Trusted Radiation Identification System

The Trusted Radiation Identification System (TRIS) was developed at Sandia National Laboratories to provide a means for confirming the identities of Treaty Accountable Items (TAIs) by comparing gamma-ray spectral measurements, which is a technique that is often referred to as template matching. TRIS incorporates design features that accommodate the conflicting requirements of ensuring that host-country classified information is protected while assuring the inspector that the measurement results are valid. TRIS uses a divided hardware and firmware architecture that isolates classified information from the unclassified output to facilitate certification for use with classified components. Data are collected and analyzed by a trusted processor that contains two separate processing units mounted within a tamper-indicating enclosure.
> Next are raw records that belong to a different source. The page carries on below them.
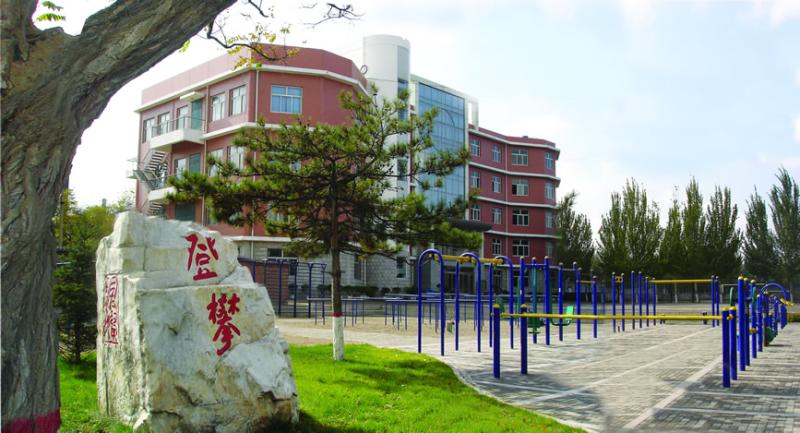 同煤一中--教学南楼(高三专用) 同煤一中--教学南楼(高三专用)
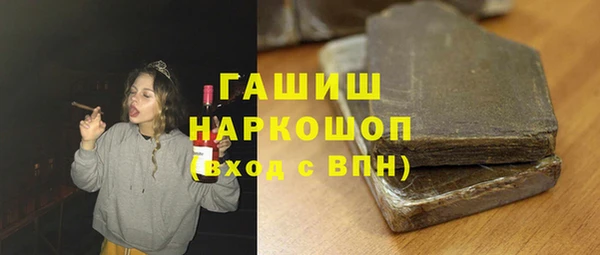 mdpv Алексеевка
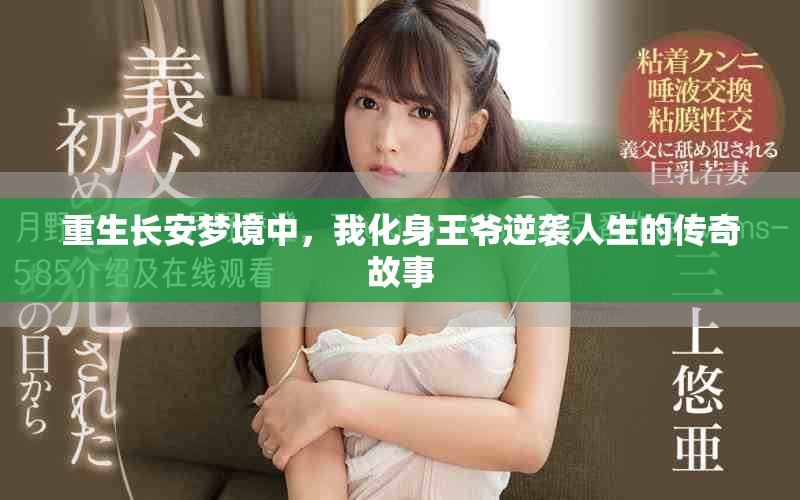 重生长安梦境中，我化身王爷逆袭人生的传奇故事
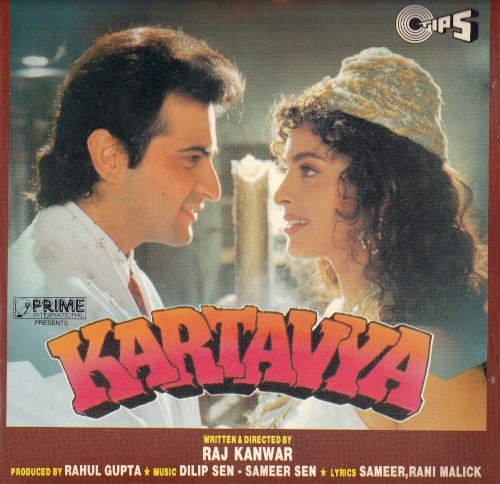 Kartavya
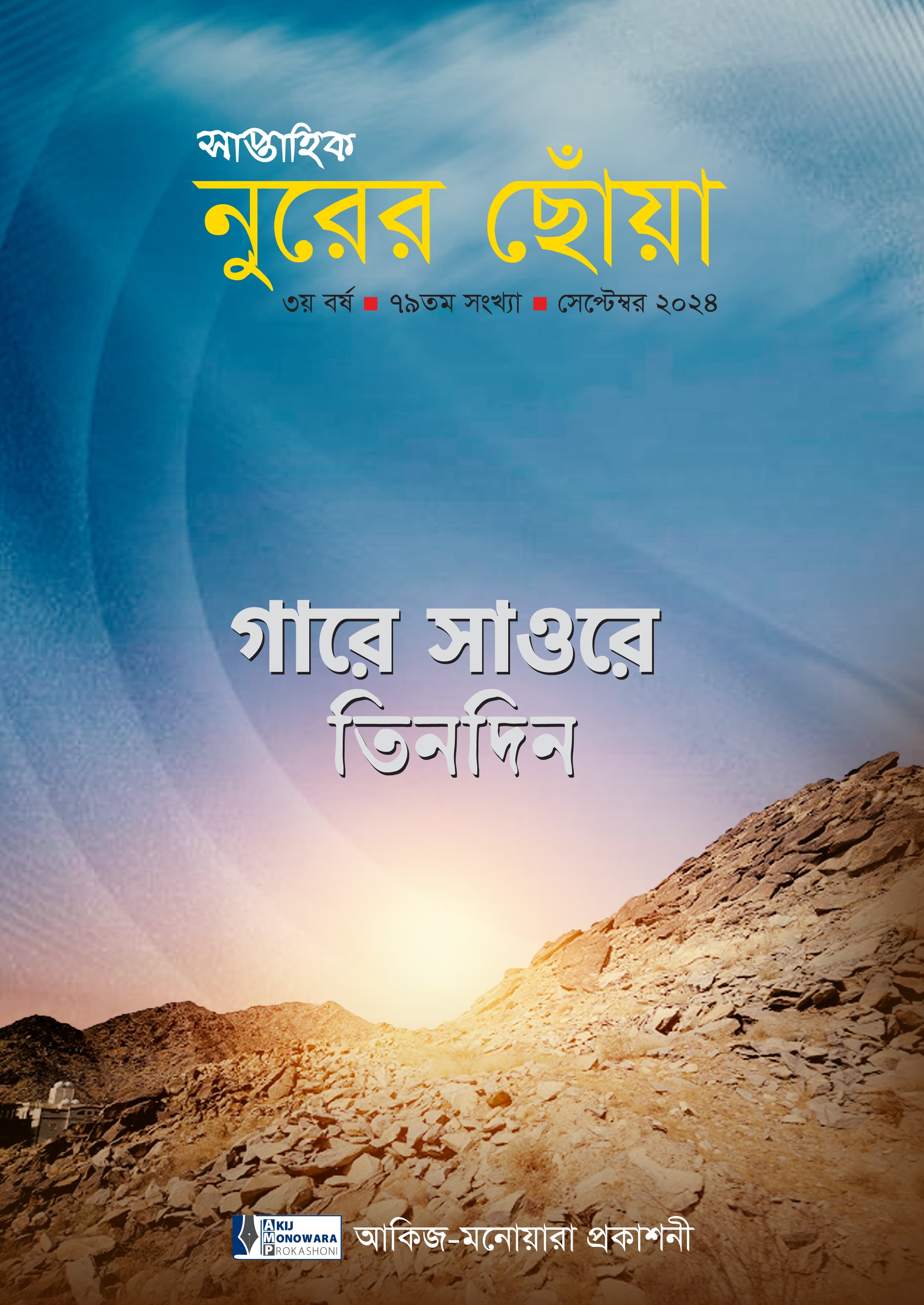 গারে সাওরে তিনদিন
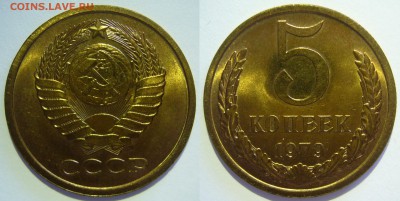 5 копеек 1979 UNC НЕ НАБОРНАЯ МЕШОК до 18.02.2019 в 22:00 - 5 копеек 1979.JPG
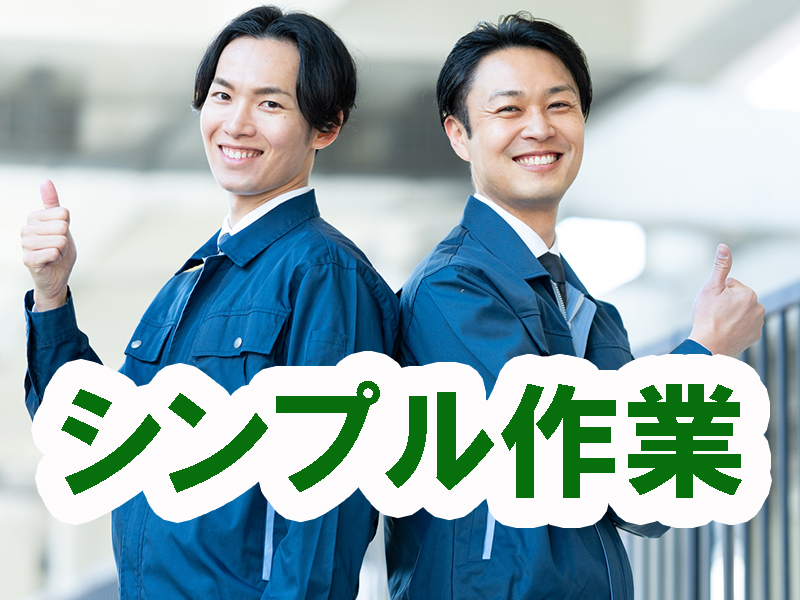 未経験歓迎／自動機への基板セットや完成品の検査など／簡単な繰返し作業／配属から数日で残業開始可能です【仕事No2062-7】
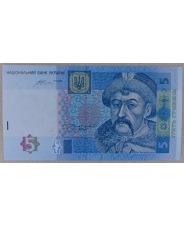 Украина 5 гривен 2015 UNC арт. 2181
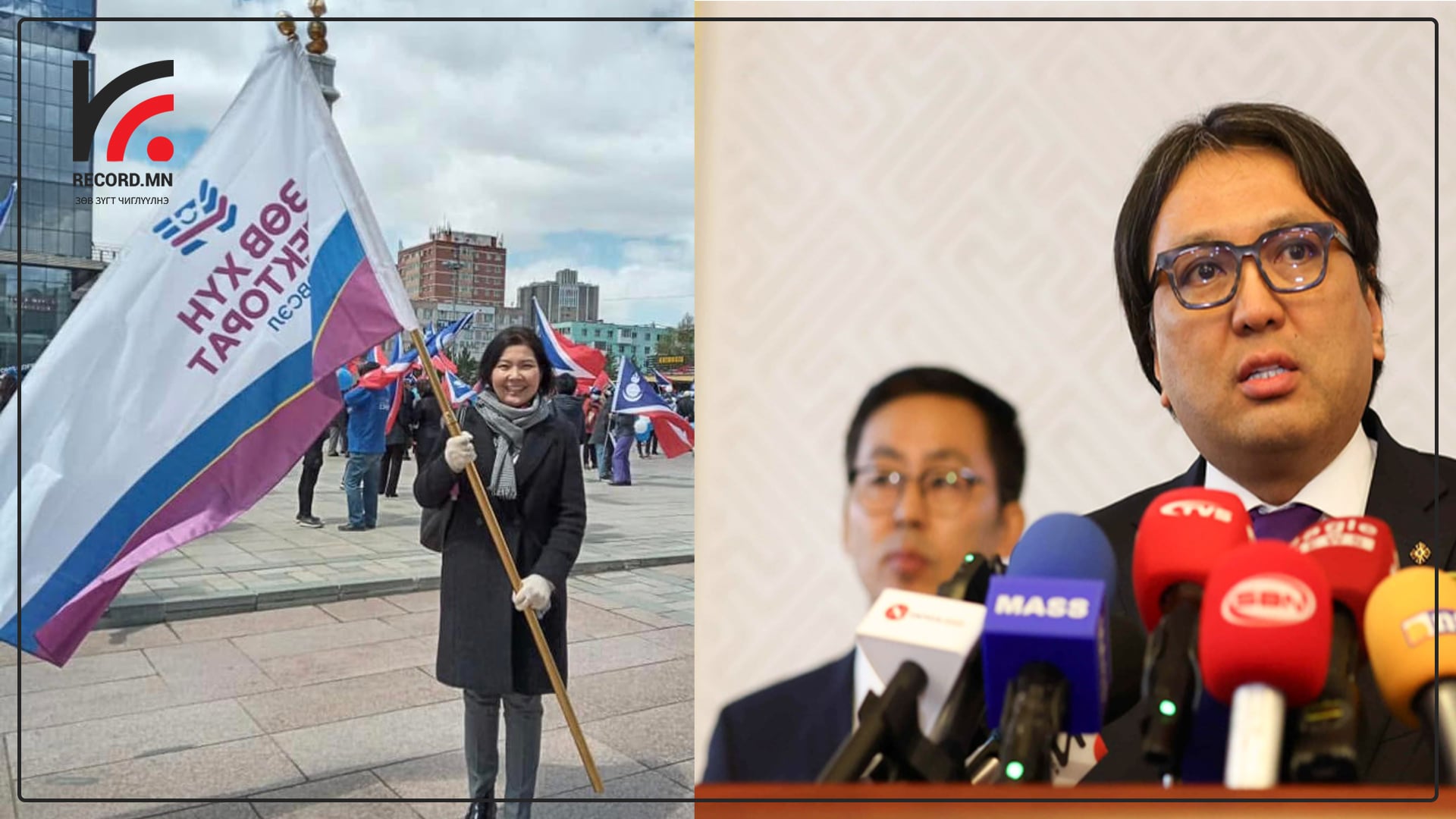 А.Дөлгөөн: ХҮН намд эрүүл шүүмжлэл хэлсэн хүнийг намын дайсан мэт хүлээж авч, гүтгэн доромжлох нь хэрээс хэтэрсэн!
The red side of the trusted processor acquires classified data from a sodium iodide gamma-ray spectrometer connected to a commercial multichannel analyzer. The black side of the trusted processor interfaces with the operator via a serial port connected to a simple hand-held input/output device that has a small keypad and a four-line liquid-crystal display. Communication lines between the two processors are optically isolated and a central steel plate provides radio-frequency isolation between the two processing units. The steel plate also provides a conductive heat path from the processing units to the steel enclosure. A 12-volt battery supplies power to both the trusted processor and the spectrometer. The trusted processor employs hardware and software features to facilitate inspection of the equipment. An eddy-current scanner is used to inspect the trusted processor: the material properties associated with the random crystallization patterns in the welds uniquely identify the stainless-steel enclosure; the eddy-current scans would also reveal penetrations into the enclosure that may not be visually observable. The trusted processor also uses an algorithm that employs cryptographic functions to authenticate both the firmware and the radiation templates.